Great. Now I'm talking to a voice in my head that's NOT MINE. I was about to cut the last wire when

"HEY! WHAT THE HELL ARE YOU DOING?"

Crap,crap,crap, this is what I get for listening to stupid voices in my head.

"Saving Miami from freaks like you!" I snipped the last wire. A short-circuiting noise cackled behind me and the sudden smell of burned computers filled the air. I started jogging away from the room. He was pathetically flat-out sprinting after me, and he couldn't catch me. Wimp. While the loser was trying to get a hold of me, I was thinking up a way to knock him out. The traditional beat-the-crap-out-of-him way is too boring. I decided to try something _different_. I ran into a dead end and moved aside at the last second. And you know what he did? He came charging through, and He. Ran. Into. The. Wall.

Okay, what do you do when you're in a mad scientist lab and you have an unconscious idiot on the floor? Say it with me. AWKWARD.

Umm, I guess I'll go now. And then it hit me like a ton of bricks. Shit! I was supposed to be at the headquarters at four A.M! I checked the clock. 3:45. Ugh. Stupid voice and its save Miami mission. IN THE MIDDLE OF THE NIGHT!

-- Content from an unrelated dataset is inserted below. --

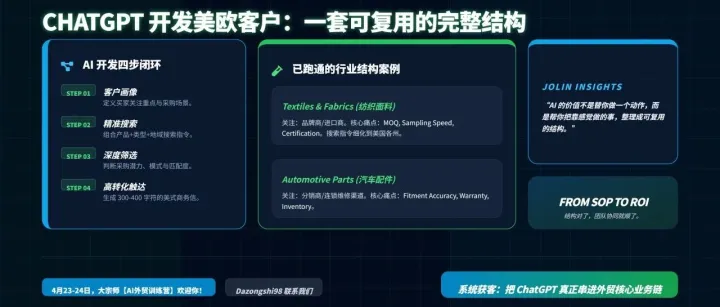 用 ChatGPT 开发美国 / 欧洲客户，一套可以直接复制的完整结构（附指令）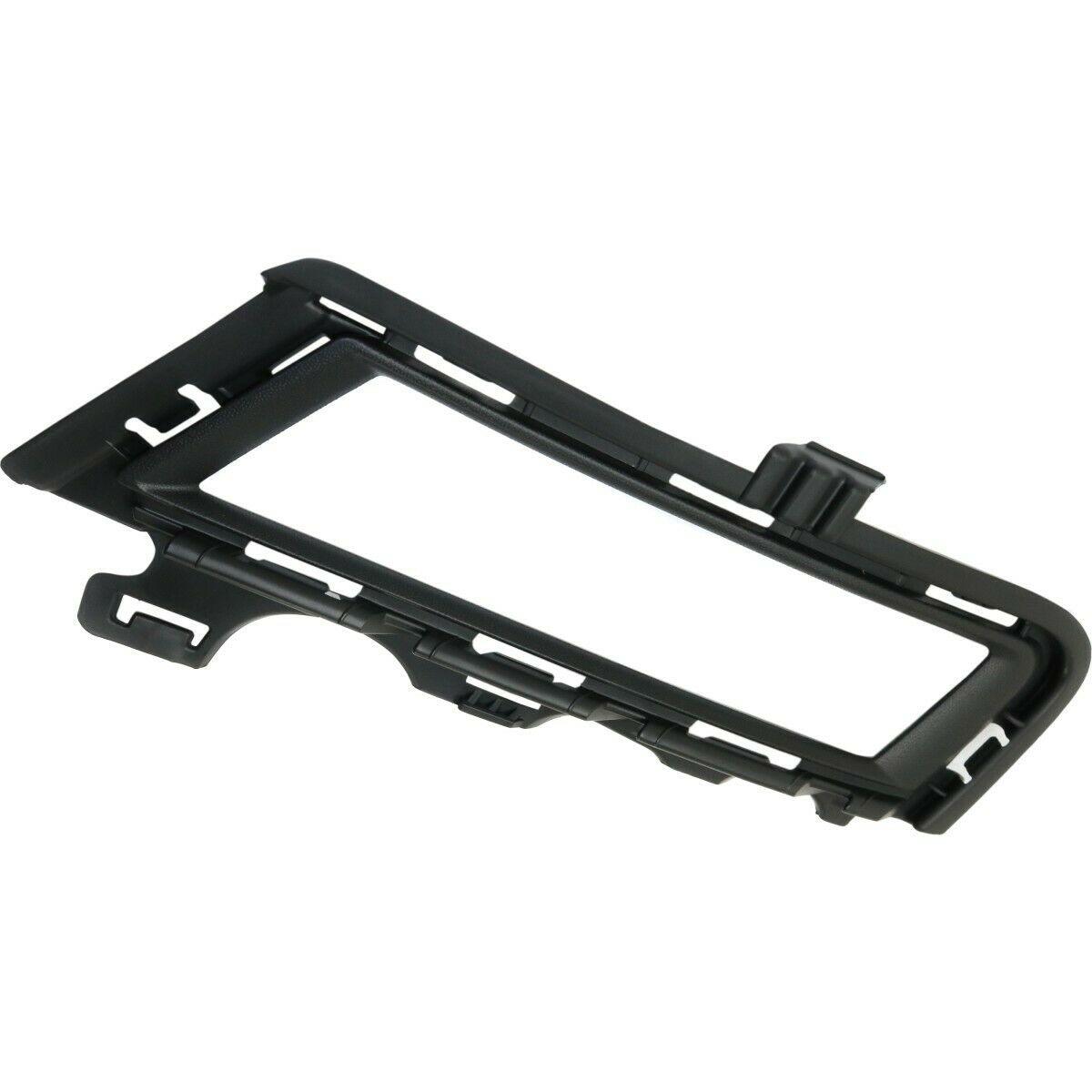 2015-2017 Volkswagen Golf Hatchback Fog Lamp Bezel Front Driver Side Black , VW1038147. Side view of the replacement part.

Oh well. I hauled myself out of the window and landed on the balls of my feet. I hopped onto my motorbike and sped off towards headquarters. Might as well see what Mr. Pottucinni (or Blake) had to talk to me about.


	2. Chapter Two

**Ohmygod ohmygod ohmygod!**

**Holy crap! INDIA WON THE WORLD CHAPIONS TITLE FOR CRICKET! **

**WE WON! In honor of this amazing game India vs Sri Lanka, I give you the second chapter.**

**Sri Lanka was really good though, they really gave India a run for its money.**

**LET'S GO INDIA!**

Fang POV

"Bombs away, suckers!" Ig was still cackling like a maniac when I went over a whapped him on the head.

"You are such an idiot." I muttered. What is with him? He blew up our only evidence!

"That was AWESOME!"

"How are you even in the FBI?"

"Hey!"

"That was our only evidence nimrod!"

"Those douchebags deserved it!"

"Those _Douchebags _should've been handcuffed! Not knocked unconscious! The boss is gonna KILL us!"

"Well no duh!"

"No thanks to you!"

"STOP ARGUING LIKE A BUNCH OF SISSES AND GET YOUR SORRY BUTTS OVER HERE SO I CAN KICK 'EM INTO NEXT WEEK!" Oh shit. Crap, crap, crap. Why must this happen to me? WHY?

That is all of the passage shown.